> **What is being asked**
Every record below needs to be retyped exactly as it appears.

> **Supplied information**
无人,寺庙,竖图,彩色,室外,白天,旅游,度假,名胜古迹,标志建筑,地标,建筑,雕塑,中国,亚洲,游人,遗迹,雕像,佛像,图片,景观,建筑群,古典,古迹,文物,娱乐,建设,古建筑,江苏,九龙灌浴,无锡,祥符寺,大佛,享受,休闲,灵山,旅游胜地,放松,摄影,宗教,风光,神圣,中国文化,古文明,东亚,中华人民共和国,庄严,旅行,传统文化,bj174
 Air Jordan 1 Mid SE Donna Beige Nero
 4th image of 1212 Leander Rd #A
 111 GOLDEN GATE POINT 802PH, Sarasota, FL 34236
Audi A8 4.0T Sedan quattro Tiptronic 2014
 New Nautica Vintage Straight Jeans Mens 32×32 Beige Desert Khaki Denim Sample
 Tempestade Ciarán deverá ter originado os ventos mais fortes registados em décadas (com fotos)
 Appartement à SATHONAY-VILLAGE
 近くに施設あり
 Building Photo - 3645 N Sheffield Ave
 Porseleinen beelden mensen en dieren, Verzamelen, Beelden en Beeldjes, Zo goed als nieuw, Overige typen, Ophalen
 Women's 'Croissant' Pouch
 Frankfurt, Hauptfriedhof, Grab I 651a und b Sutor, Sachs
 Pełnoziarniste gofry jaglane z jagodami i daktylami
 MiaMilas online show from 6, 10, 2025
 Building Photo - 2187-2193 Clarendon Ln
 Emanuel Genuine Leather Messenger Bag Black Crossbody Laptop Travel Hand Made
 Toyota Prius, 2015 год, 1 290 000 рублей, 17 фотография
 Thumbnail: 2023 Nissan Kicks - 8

> **Answer to this exercise**
无人,寺庙,竖图,彩色,室外,白天,旅游,度假,名胜古迹,标志建筑,地标,建筑,雕塑,中国,亚洲,游人,遗迹,雕像,佛像,图片,景观,建筑群,古典,古迹,文物,娱乐,建设,古建筑,江苏,九龙灌浴,无锡,祥符寺,大佛,享受,休闲,灵山,旅游胜地,放松,摄影,宗教,风光,神圣,中国文化,古文明,东亚,中华人民共和国,庄严,旅行,传统文化,bj174
 Air Jordan 1 Mid SE Donna Beige Nero
 4th image of 1212 Leander Rd #A
 111 GOLDEN GATE POINT 802PH, Sarasota, FL 34236
Audi A8 4.0T Sedan quattro Tiptronic 2014
 New Nautica Vintage Straight Jeans Mens 32×32 Beige Desert Khaki Denim Sample
 Tempestade Ciarán deverá ter originado os ventos mais fortes registados em décadas (com fotos)
 Appartement à SATHONAY-VILLAGE
 近くに施設あり
 Building Photo - 3645 N Sheffield Ave
 Porseleinen beelden mensen en dieren, Verzamelen, Beelden en Beeldjes, Zo goed als nieuw, Overige typen, Ophalen
 Women's 'Croissant' Pouch
 Frankfurt, Hauptfriedhof, Grab I 651a und b Sutor, Sachs
 Pełnoziarniste gofry jaglane z jagodami i daktylami
 MiaMilas online show from 6, 10, 2025
 Building Photo - 2187-2193 Clarendon Ln
 Emanuel Genuine Leather Messenger Bag Black Crossbody Laptop Travel Hand Made
 Toyota Prius, 2015 год, 1 290 000 рублей, 17 фотография
 Thumbnail: 2023 Nissan Kicks - 8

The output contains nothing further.